This means City staff will now prepare a bylaw allowing Council to formally adopt the 2014-2018 Financial Plan.
Here is the breakdown for 2014 tax increases:
Class 1 (Residential) — 2%
Class 2 (Utility) — 7.96%
Class 4 (Major Industry) — 4.25%
Class 5 (Light Industry) — 2%
Class 6 (Business) — 1%
Class 8 (Seasonal) — 2%
Average — 1.99%
Compared to 2013 the new plan reduces taxation revenues for 2014 by approximately $30,000 but continues to demonstrate financial success in many areas including no new borrowing commitments in 2014, a sequential reduction of debt, and the transition to building up reserves as well as a gradual shift of a reduction in business taxation.
The budget foresees revenues of $22.73 million in 2014 and expenses of $21.07 million, roughly the same as last year. The budget predicts a surplus of $1.6 million. All of this comes as a results of some cuts to planned capital projects, outlined in Appendix 3 at the back of the Financial Plan document.

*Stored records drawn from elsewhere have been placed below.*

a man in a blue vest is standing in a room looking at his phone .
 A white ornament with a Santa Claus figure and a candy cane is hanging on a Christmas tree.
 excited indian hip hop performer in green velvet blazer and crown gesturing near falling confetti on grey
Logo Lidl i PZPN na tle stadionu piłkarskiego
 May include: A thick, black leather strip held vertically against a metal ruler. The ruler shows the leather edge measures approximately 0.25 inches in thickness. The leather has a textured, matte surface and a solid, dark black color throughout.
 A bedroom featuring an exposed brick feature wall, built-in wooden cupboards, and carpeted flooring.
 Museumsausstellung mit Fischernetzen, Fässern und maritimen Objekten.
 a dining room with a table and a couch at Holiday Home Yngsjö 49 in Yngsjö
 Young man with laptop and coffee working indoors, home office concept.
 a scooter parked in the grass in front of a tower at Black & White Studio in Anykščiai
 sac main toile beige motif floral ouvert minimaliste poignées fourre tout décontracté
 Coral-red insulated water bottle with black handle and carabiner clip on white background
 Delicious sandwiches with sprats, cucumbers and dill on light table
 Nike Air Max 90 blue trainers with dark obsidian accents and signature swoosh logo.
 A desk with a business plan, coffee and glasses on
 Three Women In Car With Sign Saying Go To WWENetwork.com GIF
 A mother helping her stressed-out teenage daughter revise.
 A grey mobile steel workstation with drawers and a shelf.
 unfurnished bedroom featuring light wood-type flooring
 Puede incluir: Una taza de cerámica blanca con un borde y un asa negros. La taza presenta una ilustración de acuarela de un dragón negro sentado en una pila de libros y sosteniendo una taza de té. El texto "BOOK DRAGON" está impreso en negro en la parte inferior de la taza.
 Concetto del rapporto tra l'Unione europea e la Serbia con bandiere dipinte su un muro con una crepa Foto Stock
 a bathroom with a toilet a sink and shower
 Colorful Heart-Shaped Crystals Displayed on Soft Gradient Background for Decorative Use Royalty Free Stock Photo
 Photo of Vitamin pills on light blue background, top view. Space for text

“The City is committed to continuing to find new ways of operating with fewer resources while maintaining service levels keeping in mind that the community survey clearly indicated that overall citizens want the City to retain our current high service levels,” Chief Administrative Officer Tim Palmer said.
He said that based on community feedback, council uncertainty and some ambiguity in the project mandate the bulk of the City Hall improvements have been removed from the 2014 budget year. The necessary changes to development services will still be completed; however the exterior replacement and elevator installation will not be done this year.
The plan eliminates planned borrowing for some capital projects such renovating the exterior of City Hall — that will be paid through revenues —and puts off a number of other capital projects until 2015 or even later. Councillors regarded this financial plan as an improvement over previous ones but all had at least one or two reservations.
Chris Johnston was happy to see a number of “systemic changes that seem to be happening” but wished that the City had a better way of dealing with capital projects instead of just putting them off.
“Things are starting to turn around,” said Gary Starling, adding that he thinks City officials have a better handle on issues and problems than in years past and he is pleased that there “is less borrowing.”
The one potential issue he is concerned about is that “revenue projections always seem to a little inflated” and, in the end, seem to be lower than predicted.
Still Starling, who is chairman of Council’s Public Works Committee, was generally pleased with the budget even though several capital projects were put off.
“We had a pretty big wish list but they’re getting whacked,” he said.
Phil Welock made the observation that, no matter what some members of the public think, the City is not broke.
“We’re not broke,” he said. “We have $104 million in assets. That’s an over-reaction by the public.”
Still, the City could do more, he said.
“I think we could look at some staff reductions,” he said. “We’re bloated and I think the public perception is we’re bloated.”
As for Scarcella and Nixon, they had different reasons for voting against this version of the plan.
Nixon said she thought the bottom line could be improved in 2018 and Scarcella said he wanted to see deeper cuts in spending noting that spending has increased from $16 million in 2010 to $19 million in 2012 and $21 million in 2013 and again this year.
Mayor David Raven wrapped up discussion by noting that this Council “inherited a city with infrastructure that is 100 years old.”
For years past previous Councils put off improving the City’s infrastructure to the point that much of it really needs to be improved or replaced. That’s a major challenge.
However, on the upside he noted that 130 people turned up at the Town Hall Meeting “to tell us what they think.”
“It wasn’t pleasant, but still, 130 people came out to talk to us and that hadn’t happened before.”